Mobile Learning (m-Learning): University use of cell phones, iPhones, and other devices in the quest to improve student learning
The increasingly competitive marketplace has driven more adults to seek higher education than ever before. Many adults are also returning to school to improve their base of knowledge, given the degree to which technology has altered the needs of the modern workplace. However, because of funding problems, many adults are returning to school part-time, while they work full-time. The availability of distance education makes this possible, and new technologies such as mobile phones enable students to be constantly connected to their virtual campuses. The educational industry is still evolving, in terms of the way it structures its educational materials, to make effective use of mobile technology in the context of on-site and offsite classrooms.

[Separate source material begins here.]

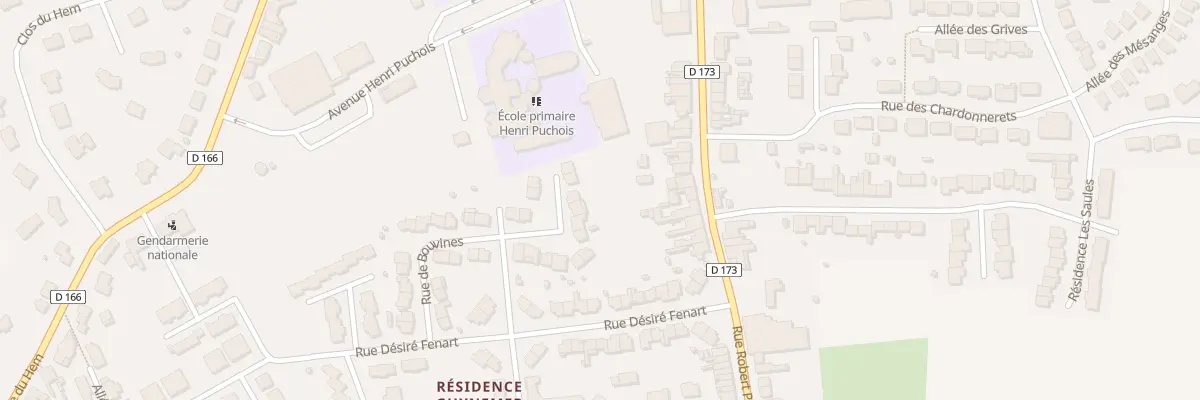Plan du 82B Rue Robert Parfait à Laventie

However, the use of mobile phones is not exclusive to distance learning. Younger students who have grown up with cellphones in their hands are demanding that the phones that have become a ubiquitous part of their lives are integrated into their classroom experiences. Students are asking more of their institutions and more of their mobile phones simultaneously. Being able to execute complex mathematical applications on mobile devices, or practice music electronically are some examples of how mobile technology can enhance a student's experience. According to the 2009 Horizon Report, mobile versions of medical resources for students such as encyclopedias and multimedia applications like Columbia University's Mapping the African-American Past (MAAP) website are some of the examples of the ways students are using mobile technology to enhance their learning experience.
Of course, one of the most obvious ways mobile phones can be used to connect students on campus is to enhance student safety, such as identifying the campus of immediate dangers. The tragedy at Virginia Tech motivated many other campuses, particularly campuses with frequent security concerns like the urban local of NYU, to mandate that all students have cell phones on which they can be contacted to receive critical warnings and security updates.
Mobile phones can also be used to create 'experiential' classes: "Images can be captured and uploaded to the Web through mobile weblogs (moblogs)…a team from Umea University in Sweden moblogged Jokkmokk's 399th Annual Sami Winter Market. Students applied their academic learning about the Sami to the real world, interviewing participants, conducting follow-up digital research on the fly, and uploading and expanding on commentary online" (Alexander 2004). The classroom spilled out conference, and all students in the class participated simultaneously, in a way they could not, had they traveled through the conference as a group or reported back to the classroom as individuals.